The first image of the event horizon of a black hole, captured by the Event Horizon Telescope collaboration.

== Education and career path ==
Ramesh Narayan received a B.Sc. in physics from Madras University and a Ph.D. from Bangalore University in 1979. After his studies, he spent several years as a postdoctoral researcher at the Raman Research Institute in Bangalore. Later on, he moved to the California Institute of Technology (Caltech) in 1983, where he eventually became a senior research fellow. After six years as a faculty member at the University of Arizona, he moved to Harvard University in 1991, where he is currently the Thomas Dudley Cabot Professor of Natural Sciences at the Astronomy Department, which he chaired between 1997 and 2001. He served on the Physical Sciences jury for the Infosys Prize from 2011 to 2014.

== Fellowships ==
Ramesh Narayan is currently a member of the United States National Academy of Sciences, a fellow of the Royal Society of London, a fellow of the American Association for the Advancement of Science and a fellow of the World Academy of Sciences.

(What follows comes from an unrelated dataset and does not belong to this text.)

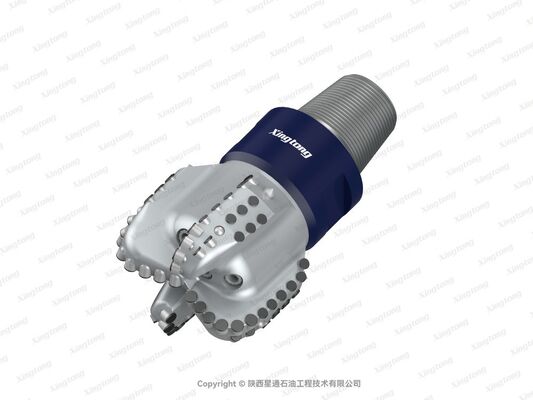 8 1/2 XHR S 4164 A(24058) PDC Drill Bit 8 1/2 Size for High-Speed Drilling in Soft Formations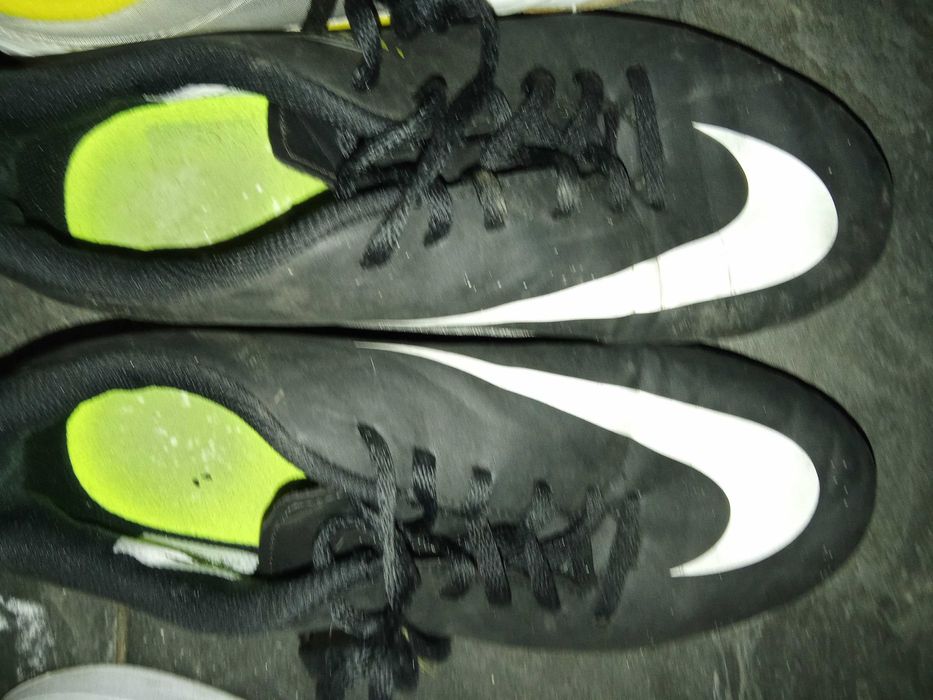 Маратонки за момче на футбол спорт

== Scientific contributions ==
Ramesh Narayan is widely known for his broad contributions to theoretical astrophysics, specifically to high-energy astrophysics. He wrote landmark studies on gamma-ray bursts, accretion disks, black holes, gravitational lensing and neutron stars. He is well known for his works on numerical simulations on accretion flows around supermassive black holes and the possibility of forming jets, via the Blandford–Znajek process. He significantly improved GRRMHD codes to perform numerical simulations, which handle General Relativistic (GR), Radiative (R), and MagnetoHydroDynamic (MHD) physics.